Schalke scheitert an Tim Wiese, dem passiven Abwehrpressing und effizienten Kontern. Auswärts wollten die Gelsenkirchner gegen Hoffenheim natürlich mit einem Sieg nach dem gestrigen Frankfurter Punktverlust den Druck auf die Bayern erhöhen, doch dies sollte scheitern.

Wechselwirkung der jeweiligen Formationen

Die Hoffenheimer starteten vor eigenem Publikum in einem 4-4-2-System, welches aber situativ zu einem 4-3-3 wurde, indem Roberto Firmino als rechter Flügelstürmer sehr invers und spielgestalterisch agierte. Auf links blieb Takashi Usami offensiv eher unauffällig, sein Ziel war das Sichern seiner Seite und die Unterstützung im Umschaltspiel nach vorne. Er war vorrangig eine sichere Durchlaufstation im Spiel nach vorne und Breitengeber im zweiten und letzten Spielfelddrittel.

Grundformationen zu Spielbeginn

Vorne bildeten Joselu und Kevin Volland das Sturmduo, wobei Volland sich etwas höher zeigte, während Joselu sich viel entlang der Horizontale bewegte. Im Pressing stellten sich die beiden im Normalfall eng vor die zwei Viererketten des Mittelfelds und der Abwehr, schoben aber gelegentlich bei unsauberen Ballannahmen der gegnerischen Innenverteidiger sowie im Zuge des Gegenpressings aggressiv nach vorne.

Die Doppelsechs bildeten Daniel Williams und Sebastian Rudy, welche eine ziemlich identische Aufgabenverteilung hatten, wobei letzterer stärker im Aufbau- und Offensivspiel involviert war. Die Außenverteidiger Andreas Beck und Fabian Johnson spielten mit einem starken Mannfokus auf die gegnerischen Flügelstürmer und hatten auch deswegen offensiv einige Einschränkungen, weil bei Zocken der Gegenspieler große Lücken offenbart würden.

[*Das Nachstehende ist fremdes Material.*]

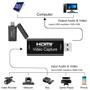 Imagem de Placa De Captura Usb 2.0 hdmi streaming obs audio e video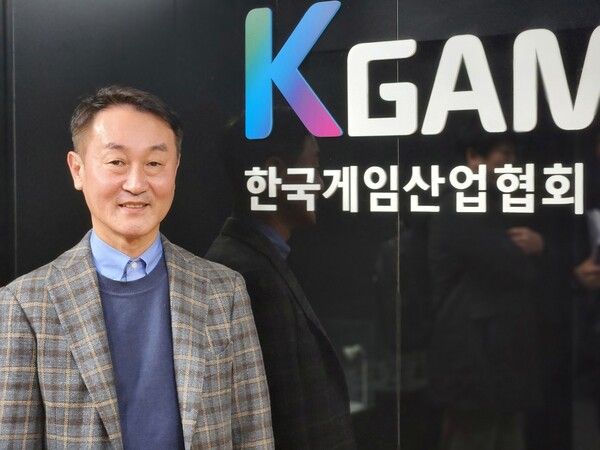 조영기 신임 한국게임산업협회 협회장./연합뉴스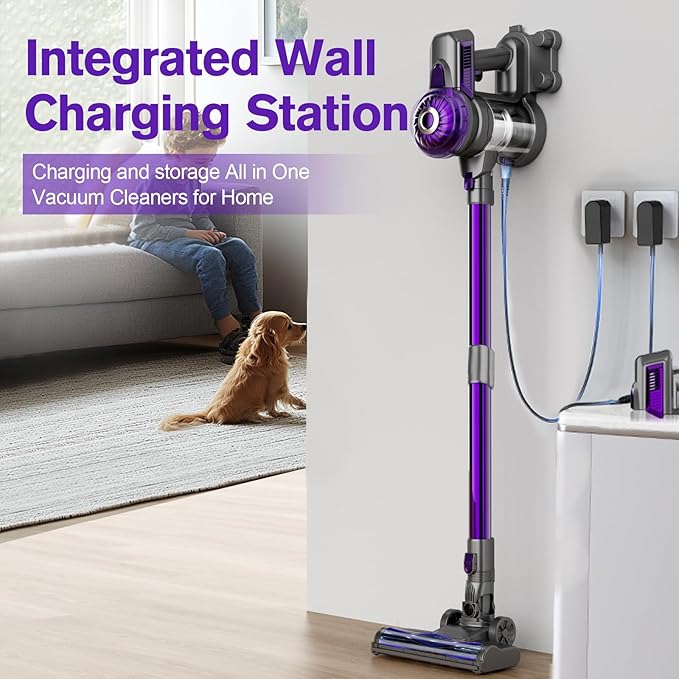 Cordless Vacuum Cleaner Lightweight 2-in-1 Stick &amp Handheld Vacuum for Apartment Pet Hair &amp Car Cleaning S1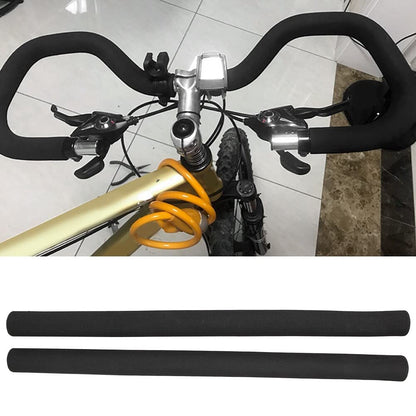 Zjyufy Foam Bike Handlebar Grips Cover Bicycle Tube Sponge Soft Grips Foam Tubing Cover for Mountain Road Bike, Inner Dia 22mm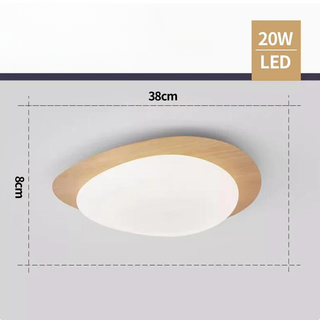 Natural Ceiling Light – Modern Wood Finish Lighting With Soft LED Glow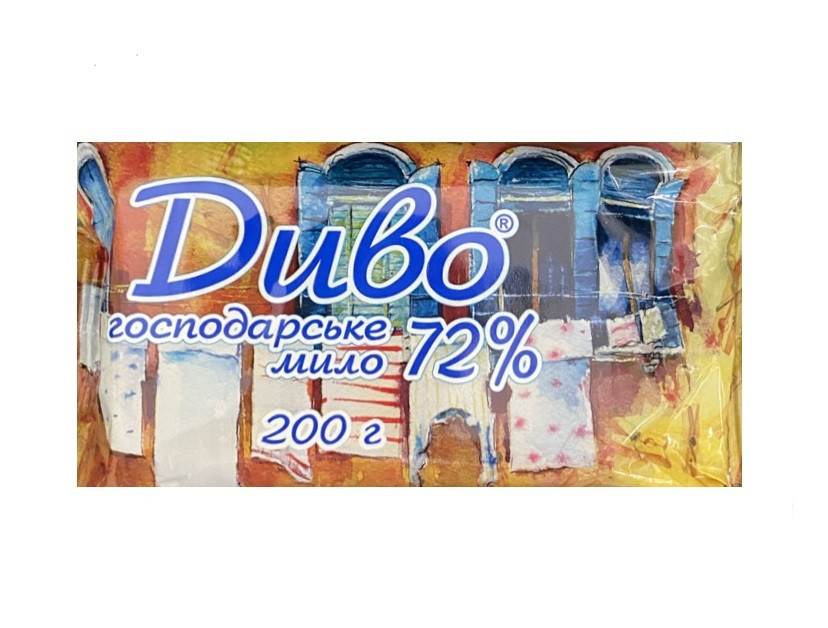 Господарське мило Диво 72% 200 гр, фото 1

Im Gegensatz dazu standen die Schalker Außenverteidiger, welche im letzten Spielfelddrittel die Breite gaben und sehr weit nach vorne rückten. Um Ibrahim Afellays inverse Spielweise zu ermöglichen, agierte Christian Fuchs wie üblich offensiv, überraschend war aber die Spielweise von Atsudo Uchida. Dieser bewegte sich ebenso oft im letzten Spielfelddrittel und Jefferson Farfan konnte darum stärker in die Mitte rücken.

Einen Nachteil gab es aber dennoch, weil Lewis Holtby nicht seinen üblichen Raum fand und eine schwache Leistung ablieferte. Jermaine Jones und Roman Neustädter hatten wiederum riesige Räume zum Absichern, was im Normalfall sogar Letzterer alleine tun musste. Ein grundlegender Makel in der Partie, welcher beim ersten Treffer von den Hoffenheimern ausgenutzt wurde.

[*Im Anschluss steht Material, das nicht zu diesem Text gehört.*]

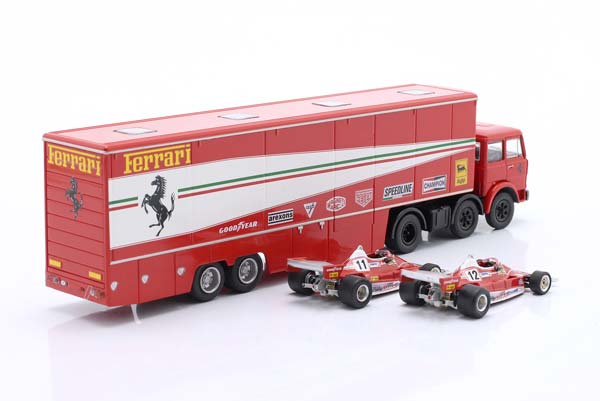 FIAT 691 T RACE CAR TRANSPORTER WITH 2X FERRARI 312T2 FORMULA 1 1977 / ФИАТ 691 АВТОВОЗ ГОНОЧНОЙ КОМАНДЫ 2X ФЕРРАРИ 312T2 ФОРМУЛА-1 — фото 2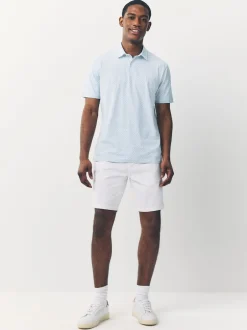 Next - Polo en jersey Manches courtes 3 Pack Géo bleu marine Sale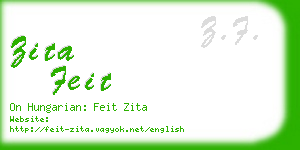 zita feit business card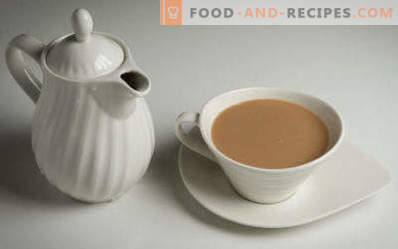 Tēja ar pienu: ieguvumi un kaitējums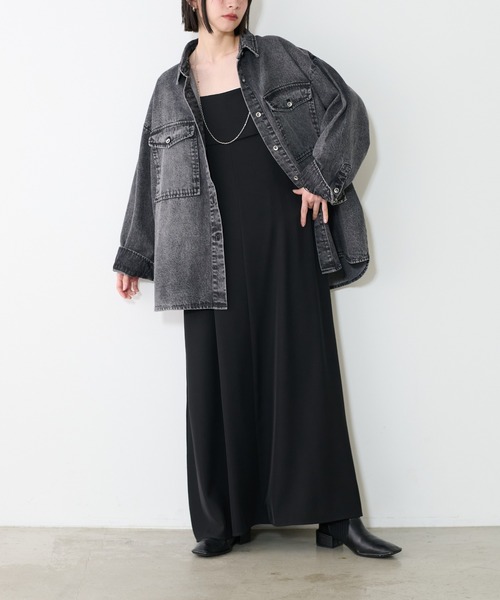 larutaオーバーデニムシャツ LARUTA｜デニムオーバーシャツ | Rakuten Fashion(楽天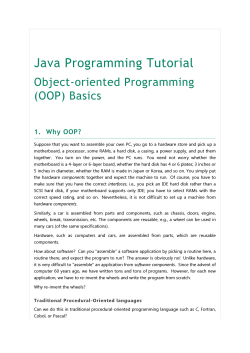 Java Programming Tutorial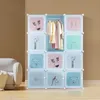 Kindergarderobe Modularer Schrank bücherregal für kinder Produktbild-Vorschau 2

Hoffenheim drängt Schalke den Ballbesitz auf

Das Auffälligste in dieser Partie war die exorbitante Ballbesitzquote der Gelsenkirchner. Diese lag phasenweise bei 75% und diese Dominanz war zu weiten Teilen der Spielweise der Hoffenheimer geschuldet. Von Spielbeginn an suchten sie den Weg nach vorne über schnelle Konter in die Spitze aus dem Mittelfeld heraus, doch mit fortschreitender Spieldauer spielten sie gar ein ungemein tiefes und überaus passives Mittelfeldpressing.

Schalke konnte deswegen den Ball gut zirkulieren lassen und die Ballbesitzwerte stiegen noch etwas an. Hoffenheim wiederum konnte sich einzig auf das ideale Verschieben konzentrieren und versuchte die größten Gefahren der Schalker – Klaas-Jan Huntelaar, Jefferson Farfan und Ibrahim Afellay – mit Manndeckungen einzudämmen. Insbesondere jene auf Huntelaar wurde in der ersten Spielhälfte sehr gut bespielt, doch Schalke reagierte darauf intelligent.

Hohe Beweglichkeit auf Seiten der Schalker

Je länger das Spiel dauerte, umso variabler zeigten sich die Schalker. Gut erkennbar war dies bei Jermaine Jones, der sich nach dem Führungstreffer für Hoffenheim noch vertikaler bewegte und immer wieder in den Raum um Huntelaar stieß. Dies schnürte aber Holtby noch stärker ein, welcher kaum an Bälle kam und nur wenig Präsenz ausstrahlte.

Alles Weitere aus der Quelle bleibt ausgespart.